As far as Brexit goes, how are the multiple election parties promising a stable post Brexit future?
With Labour being seen more popular with younger voters, the party maintains it will give the public the vote of whether or not they want to remain.
Within three months of coming to power, labour will create a sensible deal.
Within six months they will put that deal to a public vote alongside with the option to remain in the EU.
They plan to ‘rip up’ the deeply flawed deal negotiated by Boris Johnson, and introduce new legislation which is in line with Labour’s priorities and principles.
Jeremy Corbyn has been appraised for his public – spirited ideals, however skeptics are not so convinced with his power in leadership.
Rival constitution, The Conservative party has been adamant with their ‘Get Brexit Done’ attitude.
The current leader Boris Johnson, has asserted his beliefs in the leaving of the European Union.
They will start putting their deal through Parliament before Christmas and will leave the European Union in January.
They will keep the UK out of the single market, out of any form of customs union, and end the role of the European Court of Justice.
As well as this, they will negotiate trade deals next year and wont extend the implementation period beyond December 2020.
The Green Party, in par with Labour will also provide a people’s vote, deciding the future on Brexit.

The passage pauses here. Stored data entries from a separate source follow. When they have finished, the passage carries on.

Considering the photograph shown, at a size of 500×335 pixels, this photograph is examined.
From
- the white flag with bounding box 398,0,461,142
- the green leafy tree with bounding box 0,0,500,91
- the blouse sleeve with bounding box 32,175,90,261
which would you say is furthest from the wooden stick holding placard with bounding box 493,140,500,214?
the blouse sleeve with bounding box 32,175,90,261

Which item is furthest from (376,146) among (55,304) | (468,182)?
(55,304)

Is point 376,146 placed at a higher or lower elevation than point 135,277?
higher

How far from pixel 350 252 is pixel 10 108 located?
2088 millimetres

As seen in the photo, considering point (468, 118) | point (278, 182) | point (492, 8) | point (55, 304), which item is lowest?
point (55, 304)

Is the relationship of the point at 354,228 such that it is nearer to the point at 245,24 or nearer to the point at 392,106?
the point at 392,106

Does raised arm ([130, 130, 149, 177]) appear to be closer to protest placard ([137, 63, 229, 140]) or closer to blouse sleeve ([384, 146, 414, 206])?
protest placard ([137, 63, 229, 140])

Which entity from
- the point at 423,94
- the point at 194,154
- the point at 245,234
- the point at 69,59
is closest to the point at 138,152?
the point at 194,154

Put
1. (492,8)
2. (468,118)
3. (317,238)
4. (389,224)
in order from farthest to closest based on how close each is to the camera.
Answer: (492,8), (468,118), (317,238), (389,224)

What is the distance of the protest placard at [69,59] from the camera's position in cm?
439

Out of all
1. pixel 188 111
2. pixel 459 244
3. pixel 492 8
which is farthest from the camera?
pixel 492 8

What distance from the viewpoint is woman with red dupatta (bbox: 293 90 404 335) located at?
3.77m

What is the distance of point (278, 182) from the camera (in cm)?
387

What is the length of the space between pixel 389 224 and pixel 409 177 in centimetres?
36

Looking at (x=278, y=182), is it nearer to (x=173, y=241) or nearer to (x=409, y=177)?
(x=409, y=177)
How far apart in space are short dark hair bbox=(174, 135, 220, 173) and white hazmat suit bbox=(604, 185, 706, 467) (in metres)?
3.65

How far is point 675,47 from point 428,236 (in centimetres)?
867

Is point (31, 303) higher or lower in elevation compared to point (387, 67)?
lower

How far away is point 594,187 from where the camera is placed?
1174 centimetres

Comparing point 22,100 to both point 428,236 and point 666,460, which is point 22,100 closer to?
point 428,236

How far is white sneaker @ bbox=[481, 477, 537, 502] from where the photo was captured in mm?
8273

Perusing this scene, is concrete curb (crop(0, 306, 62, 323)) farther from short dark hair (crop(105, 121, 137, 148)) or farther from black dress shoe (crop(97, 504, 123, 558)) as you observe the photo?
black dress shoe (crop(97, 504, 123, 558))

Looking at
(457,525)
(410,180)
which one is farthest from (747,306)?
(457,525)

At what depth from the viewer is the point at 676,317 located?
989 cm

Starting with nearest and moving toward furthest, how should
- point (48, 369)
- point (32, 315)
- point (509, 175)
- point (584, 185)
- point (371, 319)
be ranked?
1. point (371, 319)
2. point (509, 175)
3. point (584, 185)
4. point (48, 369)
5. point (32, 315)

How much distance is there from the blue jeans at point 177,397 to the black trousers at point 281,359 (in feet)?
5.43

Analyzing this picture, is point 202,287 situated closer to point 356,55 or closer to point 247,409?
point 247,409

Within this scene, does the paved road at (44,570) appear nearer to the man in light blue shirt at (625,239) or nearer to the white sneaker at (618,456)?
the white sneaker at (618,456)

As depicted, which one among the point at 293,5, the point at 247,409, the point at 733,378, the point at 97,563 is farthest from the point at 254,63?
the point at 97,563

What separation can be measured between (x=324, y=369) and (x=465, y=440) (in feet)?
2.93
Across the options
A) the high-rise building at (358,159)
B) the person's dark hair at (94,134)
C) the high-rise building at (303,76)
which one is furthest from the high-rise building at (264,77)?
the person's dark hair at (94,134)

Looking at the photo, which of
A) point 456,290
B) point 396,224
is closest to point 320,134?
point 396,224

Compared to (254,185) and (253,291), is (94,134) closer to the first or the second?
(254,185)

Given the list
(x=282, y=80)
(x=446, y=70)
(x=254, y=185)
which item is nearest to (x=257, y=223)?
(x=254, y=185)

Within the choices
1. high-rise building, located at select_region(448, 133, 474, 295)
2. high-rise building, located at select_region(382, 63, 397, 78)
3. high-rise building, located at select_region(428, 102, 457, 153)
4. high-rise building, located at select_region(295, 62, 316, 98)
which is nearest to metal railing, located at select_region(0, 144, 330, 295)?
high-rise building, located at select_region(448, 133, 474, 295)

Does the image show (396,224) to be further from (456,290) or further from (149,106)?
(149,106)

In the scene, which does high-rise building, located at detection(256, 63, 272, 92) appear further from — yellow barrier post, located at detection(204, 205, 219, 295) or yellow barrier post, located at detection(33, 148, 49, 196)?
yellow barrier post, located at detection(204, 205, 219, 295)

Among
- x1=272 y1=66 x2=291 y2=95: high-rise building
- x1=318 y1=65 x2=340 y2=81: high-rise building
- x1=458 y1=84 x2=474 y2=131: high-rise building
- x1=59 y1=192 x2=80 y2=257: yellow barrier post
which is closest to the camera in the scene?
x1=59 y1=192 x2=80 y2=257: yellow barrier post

They describe their constitution as ‘a pro European party and are unequivocally campaigning for Britain to remain in the EU.
The Liberal Democrats are approaching with a ‘Stop Brexit’ plan and using the ‘Remain’ bonus to invest in Public Services.

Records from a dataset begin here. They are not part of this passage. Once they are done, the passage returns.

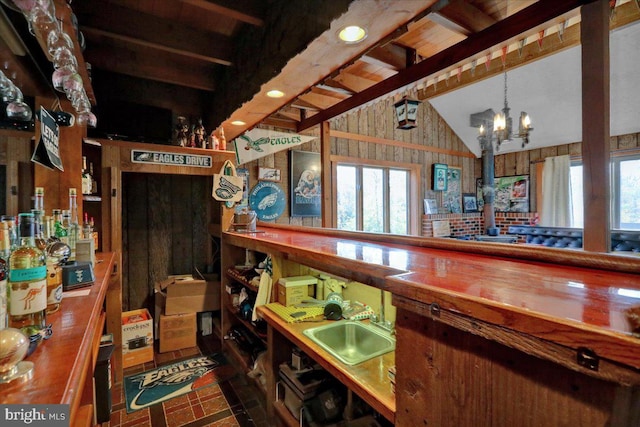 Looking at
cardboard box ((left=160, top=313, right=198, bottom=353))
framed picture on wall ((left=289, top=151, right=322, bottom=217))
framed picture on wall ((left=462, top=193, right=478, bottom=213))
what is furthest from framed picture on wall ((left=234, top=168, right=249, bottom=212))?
framed picture on wall ((left=462, top=193, right=478, bottom=213))

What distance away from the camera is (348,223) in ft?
16.2

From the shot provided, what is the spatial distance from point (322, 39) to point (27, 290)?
1.28m

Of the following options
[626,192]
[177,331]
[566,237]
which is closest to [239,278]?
[177,331]

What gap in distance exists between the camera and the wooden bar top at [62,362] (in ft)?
1.89

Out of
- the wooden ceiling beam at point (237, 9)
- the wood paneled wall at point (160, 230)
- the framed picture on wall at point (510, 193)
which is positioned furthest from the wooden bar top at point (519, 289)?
the framed picture on wall at point (510, 193)

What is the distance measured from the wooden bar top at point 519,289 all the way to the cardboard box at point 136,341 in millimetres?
2095

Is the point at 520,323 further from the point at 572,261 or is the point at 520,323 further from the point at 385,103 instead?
the point at 385,103

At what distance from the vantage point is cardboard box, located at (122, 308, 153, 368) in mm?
2592

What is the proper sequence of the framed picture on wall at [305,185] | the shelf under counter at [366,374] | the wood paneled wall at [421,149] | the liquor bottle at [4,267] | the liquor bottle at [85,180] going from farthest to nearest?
the wood paneled wall at [421,149] → the framed picture on wall at [305,185] → the liquor bottle at [85,180] → the shelf under counter at [366,374] → the liquor bottle at [4,267]

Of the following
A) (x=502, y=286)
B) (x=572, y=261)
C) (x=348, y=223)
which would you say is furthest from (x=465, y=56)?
(x=348, y=223)

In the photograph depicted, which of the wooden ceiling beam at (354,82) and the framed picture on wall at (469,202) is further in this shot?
the framed picture on wall at (469,202)

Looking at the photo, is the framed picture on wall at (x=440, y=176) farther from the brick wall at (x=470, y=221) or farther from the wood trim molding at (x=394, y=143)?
the brick wall at (x=470, y=221)

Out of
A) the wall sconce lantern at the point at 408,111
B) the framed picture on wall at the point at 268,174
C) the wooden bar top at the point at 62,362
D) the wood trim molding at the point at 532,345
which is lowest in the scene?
the wooden bar top at the point at 62,362

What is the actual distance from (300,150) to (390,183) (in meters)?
2.02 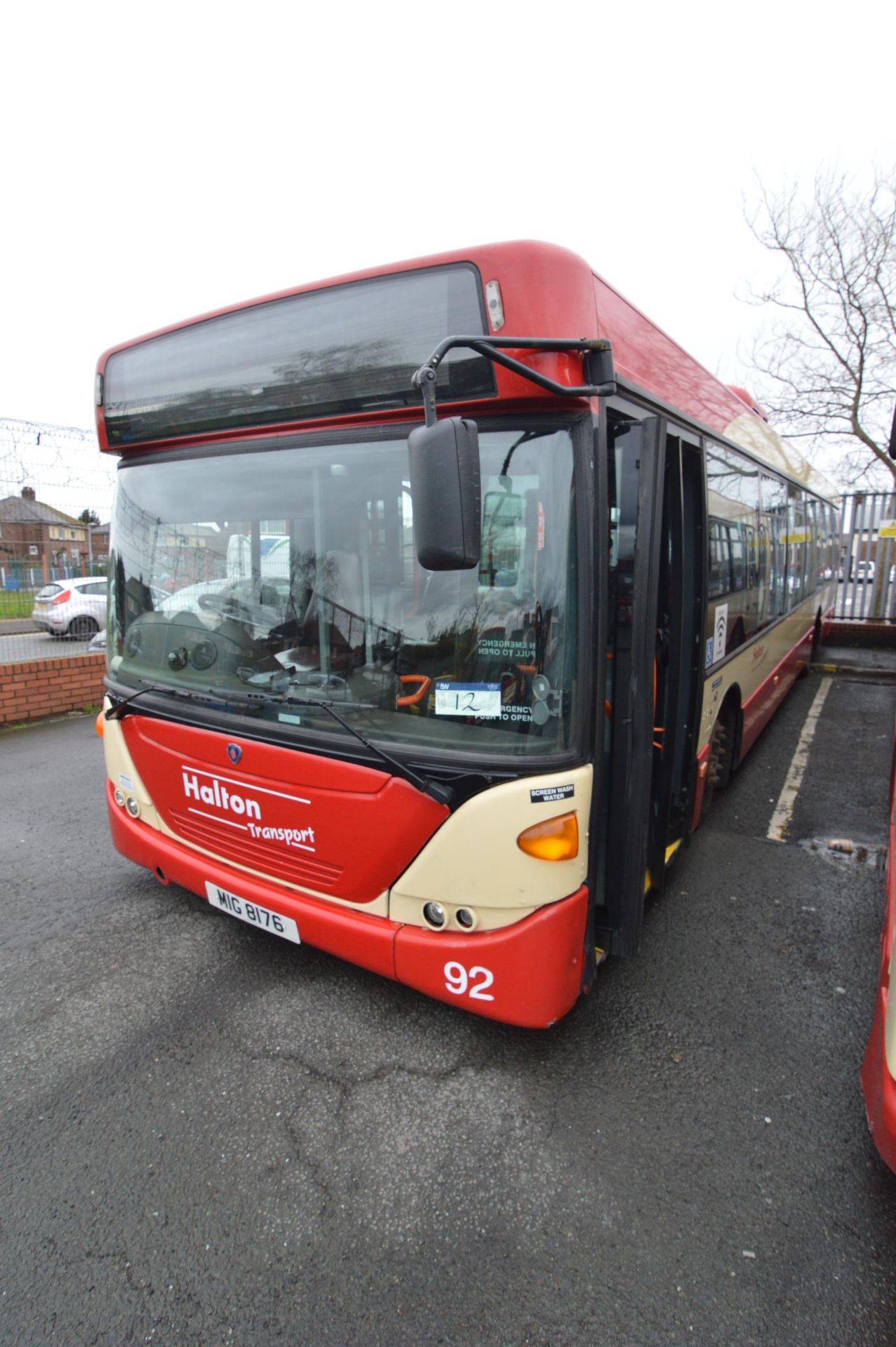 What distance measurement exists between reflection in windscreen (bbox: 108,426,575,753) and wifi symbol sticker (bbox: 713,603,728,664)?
2.22 m

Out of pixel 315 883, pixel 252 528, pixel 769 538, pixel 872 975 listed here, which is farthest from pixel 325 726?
pixel 769 538

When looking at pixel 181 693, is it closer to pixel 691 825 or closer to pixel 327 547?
pixel 327 547

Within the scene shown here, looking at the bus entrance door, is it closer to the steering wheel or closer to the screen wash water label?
the screen wash water label

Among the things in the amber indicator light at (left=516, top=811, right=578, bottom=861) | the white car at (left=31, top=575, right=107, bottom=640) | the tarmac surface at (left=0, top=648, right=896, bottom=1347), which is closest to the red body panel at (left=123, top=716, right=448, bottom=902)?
the amber indicator light at (left=516, top=811, right=578, bottom=861)

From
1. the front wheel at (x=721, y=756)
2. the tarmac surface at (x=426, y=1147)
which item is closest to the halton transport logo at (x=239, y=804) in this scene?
the tarmac surface at (x=426, y=1147)

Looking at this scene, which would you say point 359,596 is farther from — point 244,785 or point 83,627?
point 83,627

The Party campaigned to stay in the EU in 2016, and ‘unequivocally believe that the UK is stronger as part of the EU.
The Lib Dems, criticizes the conservative’s ‘Get it Done’ approach, stating “it will simply usher in more years of difficult negotiations over the UK’s trade deal with the EU.”
The Brexit Party, lead by Nigel Farage, has a priority to Leave the European Union and deliver the Brexit that 17.4m voted for in 2016.
They plan on pursuing what they call a “Clean-Break Brexit”. There will be no extended transition period, and no further entanglement with the EU’s political institution.